-------- Provided information --------

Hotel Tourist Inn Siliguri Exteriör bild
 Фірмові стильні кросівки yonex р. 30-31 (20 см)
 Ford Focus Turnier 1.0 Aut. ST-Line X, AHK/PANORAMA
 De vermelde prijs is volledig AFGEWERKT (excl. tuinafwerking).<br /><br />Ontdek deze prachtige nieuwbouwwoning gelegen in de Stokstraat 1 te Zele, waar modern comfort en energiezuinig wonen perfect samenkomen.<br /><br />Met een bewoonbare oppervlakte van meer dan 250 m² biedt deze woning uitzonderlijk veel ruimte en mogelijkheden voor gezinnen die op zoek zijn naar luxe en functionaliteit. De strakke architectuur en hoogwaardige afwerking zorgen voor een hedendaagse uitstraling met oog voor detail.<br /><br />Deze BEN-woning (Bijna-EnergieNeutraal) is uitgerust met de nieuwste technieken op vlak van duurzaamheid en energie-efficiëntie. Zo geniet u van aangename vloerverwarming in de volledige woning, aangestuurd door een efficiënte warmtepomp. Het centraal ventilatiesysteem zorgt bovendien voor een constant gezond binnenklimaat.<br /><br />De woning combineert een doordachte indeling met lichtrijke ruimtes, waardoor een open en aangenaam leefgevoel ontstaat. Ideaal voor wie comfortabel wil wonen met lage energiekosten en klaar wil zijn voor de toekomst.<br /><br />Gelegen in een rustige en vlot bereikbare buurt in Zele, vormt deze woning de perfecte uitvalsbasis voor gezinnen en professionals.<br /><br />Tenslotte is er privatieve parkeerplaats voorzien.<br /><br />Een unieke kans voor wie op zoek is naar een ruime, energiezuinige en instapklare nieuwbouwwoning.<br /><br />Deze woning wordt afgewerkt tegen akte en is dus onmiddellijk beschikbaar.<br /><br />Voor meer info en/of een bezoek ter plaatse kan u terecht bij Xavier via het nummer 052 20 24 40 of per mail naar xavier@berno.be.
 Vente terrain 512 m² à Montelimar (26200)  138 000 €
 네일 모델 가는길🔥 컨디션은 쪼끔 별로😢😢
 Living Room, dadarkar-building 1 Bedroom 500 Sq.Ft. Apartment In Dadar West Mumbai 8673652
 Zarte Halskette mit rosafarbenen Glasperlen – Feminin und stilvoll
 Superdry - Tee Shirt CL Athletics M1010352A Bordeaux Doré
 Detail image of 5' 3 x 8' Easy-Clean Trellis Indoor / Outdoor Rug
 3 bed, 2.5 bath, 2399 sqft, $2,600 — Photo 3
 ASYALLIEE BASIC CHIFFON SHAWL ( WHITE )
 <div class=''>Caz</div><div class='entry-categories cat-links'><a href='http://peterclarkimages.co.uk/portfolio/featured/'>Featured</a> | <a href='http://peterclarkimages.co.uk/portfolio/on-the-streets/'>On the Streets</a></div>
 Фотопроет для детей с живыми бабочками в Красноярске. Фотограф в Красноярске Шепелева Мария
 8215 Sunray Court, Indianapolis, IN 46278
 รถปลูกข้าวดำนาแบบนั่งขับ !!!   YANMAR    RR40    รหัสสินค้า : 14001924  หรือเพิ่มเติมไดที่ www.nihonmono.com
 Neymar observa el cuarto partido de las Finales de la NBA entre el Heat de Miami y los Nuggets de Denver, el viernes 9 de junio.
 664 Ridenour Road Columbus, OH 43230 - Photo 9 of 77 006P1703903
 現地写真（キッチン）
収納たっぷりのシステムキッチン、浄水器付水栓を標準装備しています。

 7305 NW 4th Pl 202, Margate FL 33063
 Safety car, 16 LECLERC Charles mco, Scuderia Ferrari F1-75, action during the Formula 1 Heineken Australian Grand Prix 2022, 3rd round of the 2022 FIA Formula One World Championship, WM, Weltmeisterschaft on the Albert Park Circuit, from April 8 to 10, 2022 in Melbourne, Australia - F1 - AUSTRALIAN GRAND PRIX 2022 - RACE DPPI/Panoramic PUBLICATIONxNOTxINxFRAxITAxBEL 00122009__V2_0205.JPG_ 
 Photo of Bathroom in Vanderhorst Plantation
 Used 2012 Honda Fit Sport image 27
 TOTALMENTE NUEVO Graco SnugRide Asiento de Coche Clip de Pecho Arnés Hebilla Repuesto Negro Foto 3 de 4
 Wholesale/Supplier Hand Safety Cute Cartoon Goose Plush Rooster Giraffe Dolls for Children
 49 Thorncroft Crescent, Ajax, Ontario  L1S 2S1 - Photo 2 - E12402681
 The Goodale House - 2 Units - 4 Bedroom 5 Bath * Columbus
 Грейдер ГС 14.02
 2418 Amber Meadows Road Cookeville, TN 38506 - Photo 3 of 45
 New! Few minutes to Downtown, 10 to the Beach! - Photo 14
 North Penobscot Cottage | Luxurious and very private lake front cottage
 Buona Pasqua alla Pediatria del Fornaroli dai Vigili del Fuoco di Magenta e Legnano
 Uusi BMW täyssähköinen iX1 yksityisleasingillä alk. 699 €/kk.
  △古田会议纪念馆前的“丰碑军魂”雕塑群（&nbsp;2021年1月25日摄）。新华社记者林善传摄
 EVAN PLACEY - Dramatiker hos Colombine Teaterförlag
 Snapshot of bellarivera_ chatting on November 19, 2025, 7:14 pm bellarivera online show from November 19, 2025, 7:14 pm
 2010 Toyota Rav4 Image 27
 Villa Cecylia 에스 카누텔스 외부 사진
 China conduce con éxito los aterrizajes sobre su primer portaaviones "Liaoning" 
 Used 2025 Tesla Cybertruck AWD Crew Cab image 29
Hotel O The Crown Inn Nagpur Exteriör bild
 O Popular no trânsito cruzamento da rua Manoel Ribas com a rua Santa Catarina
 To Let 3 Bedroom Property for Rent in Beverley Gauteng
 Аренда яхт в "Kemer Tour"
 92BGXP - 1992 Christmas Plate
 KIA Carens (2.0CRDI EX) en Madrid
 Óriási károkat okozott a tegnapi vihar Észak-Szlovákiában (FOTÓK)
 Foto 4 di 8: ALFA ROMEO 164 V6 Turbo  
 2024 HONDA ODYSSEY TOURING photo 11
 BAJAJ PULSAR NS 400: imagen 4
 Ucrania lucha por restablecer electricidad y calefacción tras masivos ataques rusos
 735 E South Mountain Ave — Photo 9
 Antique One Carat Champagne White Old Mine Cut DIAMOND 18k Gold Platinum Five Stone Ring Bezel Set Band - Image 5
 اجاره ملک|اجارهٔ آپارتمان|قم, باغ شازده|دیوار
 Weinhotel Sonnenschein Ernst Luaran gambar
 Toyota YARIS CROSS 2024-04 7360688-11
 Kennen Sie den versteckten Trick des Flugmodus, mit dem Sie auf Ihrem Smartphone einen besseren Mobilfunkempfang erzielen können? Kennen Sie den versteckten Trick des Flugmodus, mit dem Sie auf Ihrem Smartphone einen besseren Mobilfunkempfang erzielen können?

--------

Task details →
State the number of lines in the data that contain the word "Used", offering no other text.

Answer space →
2